BHOGILAL PURSHOTTAM Vs. CHIMANLAL AMRITLAL
LAWS(PVC)-1927-9-67
PRIVY COUNCIL
Decided on September 29,1927

BHOGILAL PURSHOTTAM Appellant
VERSUS
CHIMANLAL AMRITLAL Respondents

JUDGEMENT

Amberson Marten, C J - (1.)This is an extraordinary case, and one to which, in the view I take, the learned trial Judge has not given the care which it deserves. The suit is one to have an award in an arbitration out of Court filed and a decree passed thereon. A startling circumstance in the case is that whereas the agreement for reference (Exhibit 28) was on September 11, 1920, the award was not made till after five years afterwards, viz,, on October 6, 1925. Nor is there any reasonable excuse for that delay put forward.

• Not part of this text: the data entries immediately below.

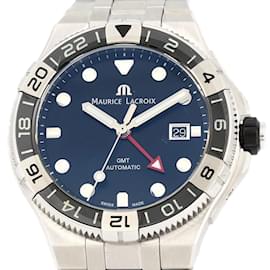 Autre Marque-Maurice Lacroix Icon Venturer GMT Wristwatch-Other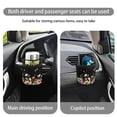 thumbnail image 5 of Renewold Aesthetic Car Vent Storage Bag Organizer Pocket for Car SUV Truck Mushroom Butterfly Hanging Air Vent Organizer Holder Sunglasses Pocket with Hook Universal Fit, 5 of 6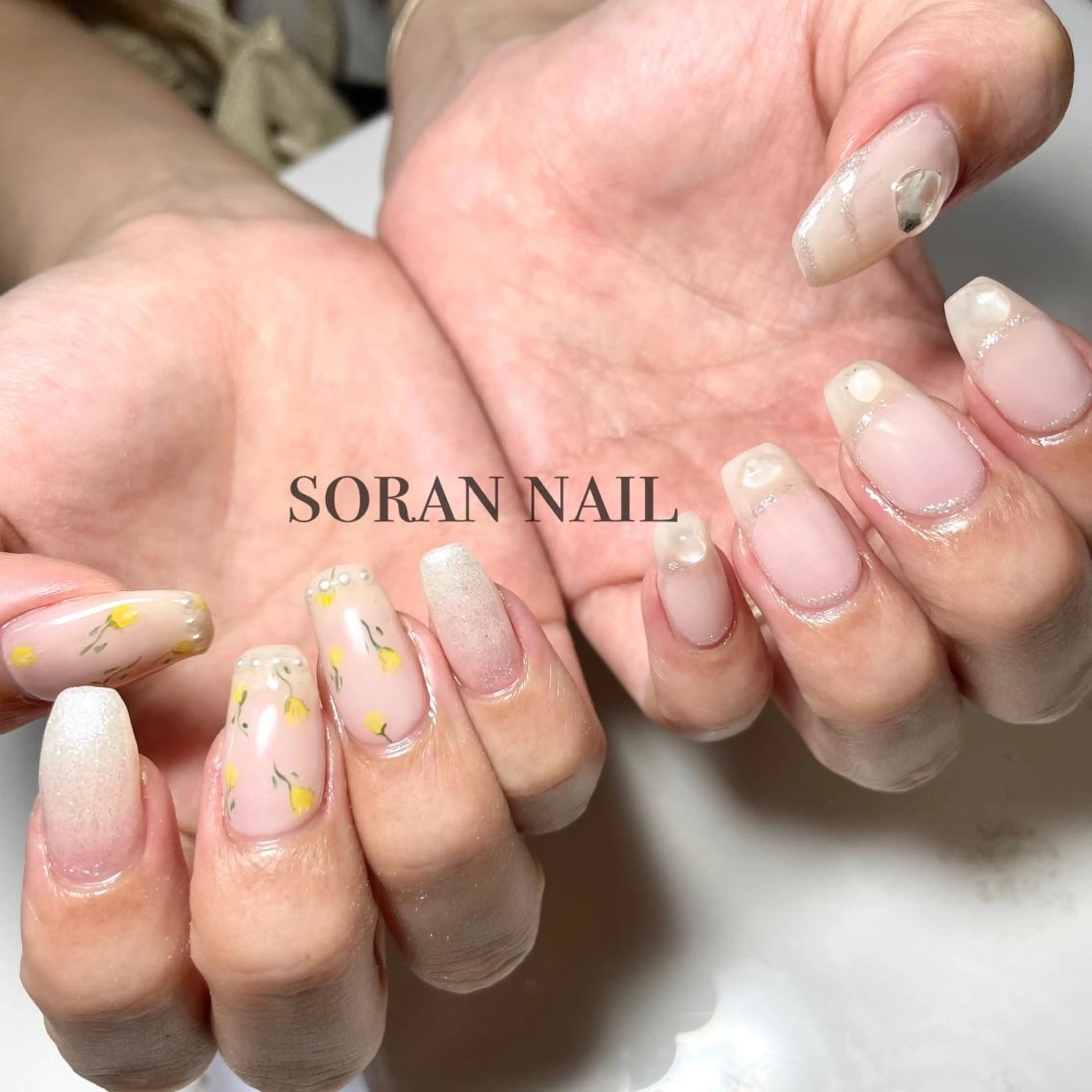 ネイル soran nailのネイルデザイン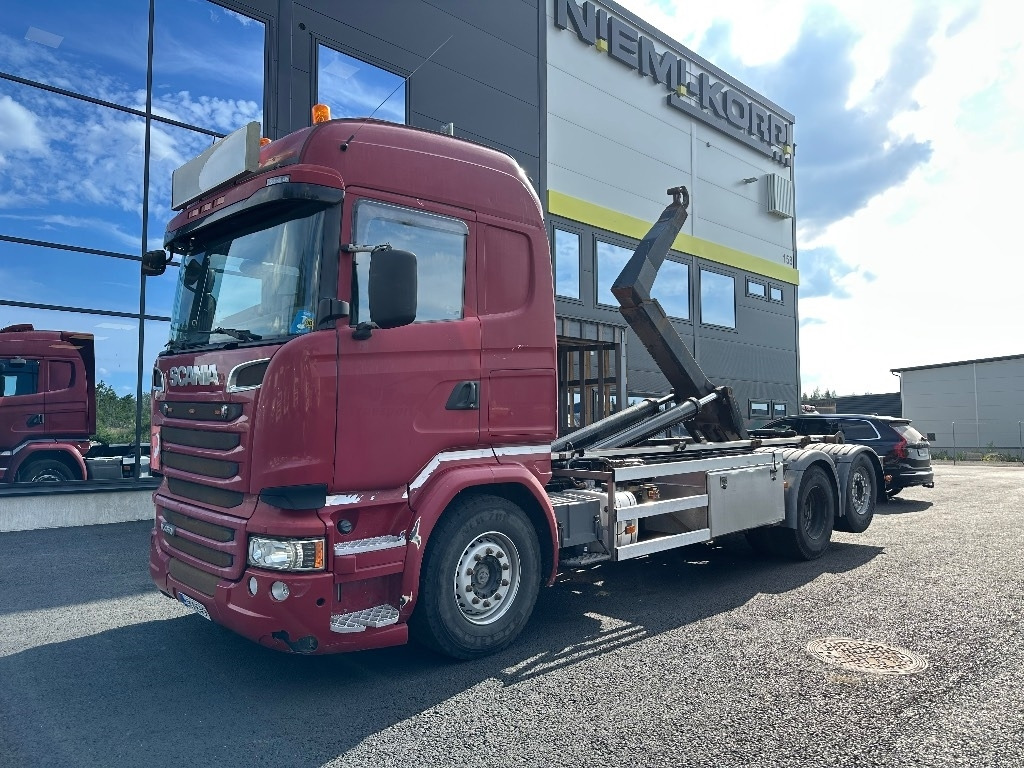 Camión multibasculante Scania R450 6x2*4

On the facts it would appear that the arbitrator had two meetings of the parties in 1920 within the first two months or so of the reference, but that thereafter nothing whatever was done except that part of the property included in the reference was divided up by agreement between the parties. Notwithstanding this long lapse of time the arbitrator never called the parties again before making his award; and he kept no notes of the evidence in 1920 except some memoranda about certain ornaments and accounts. He does not appear even to have given any notice to the parties that he was proposing to make this award, but proceeded to execute this long document which in itself contains provisions which the appellant, defendant No. 1, objects to.
(2.)The mere statement of the above facts at once raises the query in the mind of any lawyer as to how an award could be validly enforced after such an unconscionable and unexplained delay. No case of this sort can be found in the books. Nothing approaching it is within my own recollection even in India. The attention of the learned Judge seems mainly to have been diverted to other points in the case, viz., as to two stupid lies which defendant No. 1 told, viz., first, that he never signed the reference paper at all, and, secondly, that if he did, he at once abandoned the arbitration. The second point, of course, would not really avail him, for, even if he purported to abandon the arbitration, he could not do so legally unless good cause was shown for taking that course.
(3.)Having disposed of those two points of fact, the learned Judge thus deals with Issue No. 3 as to whether the long interval between the reference and the making of the award vitiates the award. He says:- In the reference paper no date was fixed on or before which the arbitrator had to make his award. The evidence of the arbitrator shows that his award was delayed owing to the difference of opinion in the matter of partition of defendant 2-s house. No authority has been cited to show that long interval between the reference and the making of the award vitiates the award. My finding, therefore, on issue 3 is in the negative.